The big question now is how quickly airlines and passengers respond to the restoration of normal travel once isolation requirements are removed.
New CEO Carrie Hurihanganui said: “As we look to the rest of the year, we expect international travel numbers to remain low with overseas experience showing the self-isolation requirements for vaccinated travellers seriously denting demand.”
AIA has used the extended quiet period to selectively accelerate capital spending on much needed roadworks around the airport and airfield projects.
Most of AIA’s retail tenants have been given substantial rent abatements to keep these businesses ready for the big restart. The company has frozen aeronautical charges for the 2023 year to support the airlines that use the airport.
AIA’s balance sheet is being nurtured through the pandemic along with softened EBITDA-based interest coverage agreements with lenders that have been extended to June 2024.

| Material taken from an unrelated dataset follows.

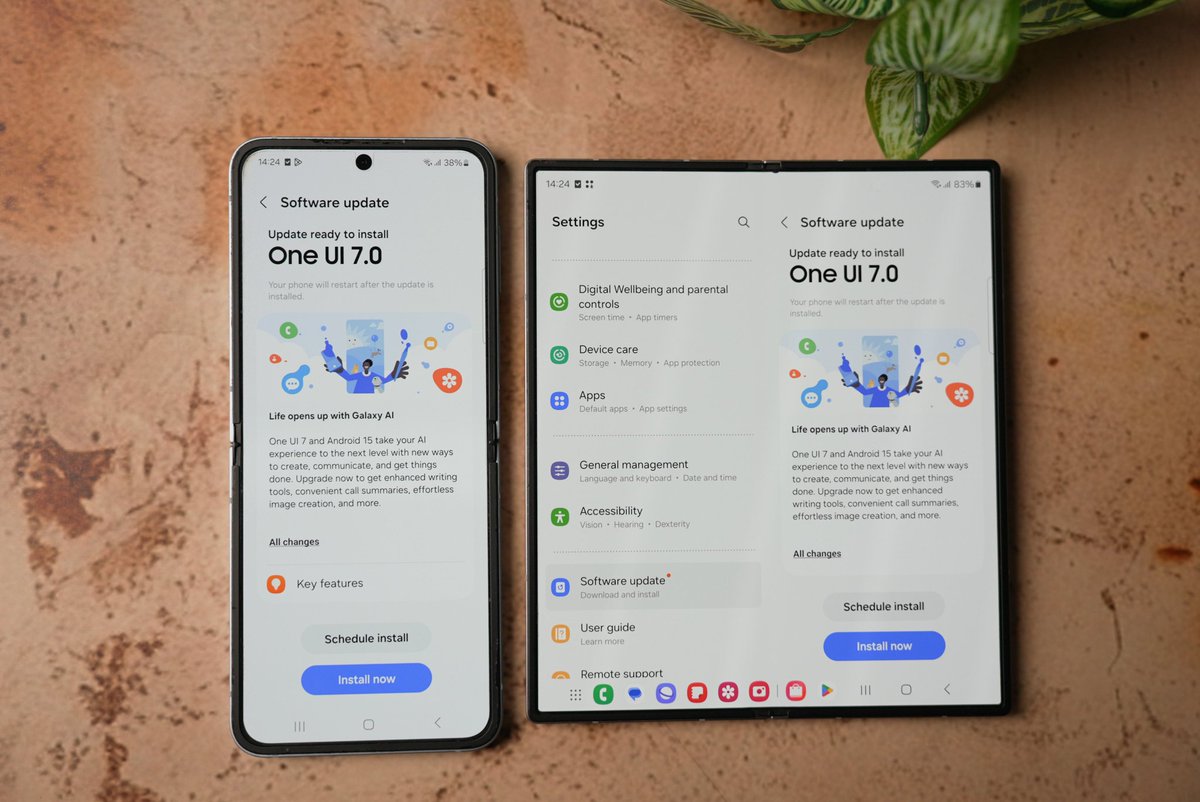 Archies1111's tweet image. Under 25k phone la munadiye One Ui 7 direct ah kodukiran
aanaa..
Flip6 &amp;amp; Fold 6 2thukum oneui 7.0 Update ipothan  oru valiya vanthuruku....!!!🤦‍♂️ #OneUI7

AIA is expecting an underlying loss before tax of NZ$25-50 million in FY22f.
Investment view
Before the Omicron variant emerged, the domestic travel network had been recovering strongly to nearly 80% of pre-COVID levels. This shows the demand for travel has not disappeared but is waiting for restrictions to be removed.
The same principal applies to international travel although this is complicated by each country’s settings. Prior to the pandemic there were 29 international airlines visiting New Zealand, but this has dwindled to just 14 at the latest count. This will pick up but illuminates the depth to which international travel has receded and from which it must recover.
Risks to investment view
A recurrence of COVID-19 might reintroduce strict border controls and affect international travel to and from New Zealand. Travel demand patterns might permanently alter, or airline services might be reduced to New Zealand as a consequence.
Recommendation
We have retained our Hold recommendation.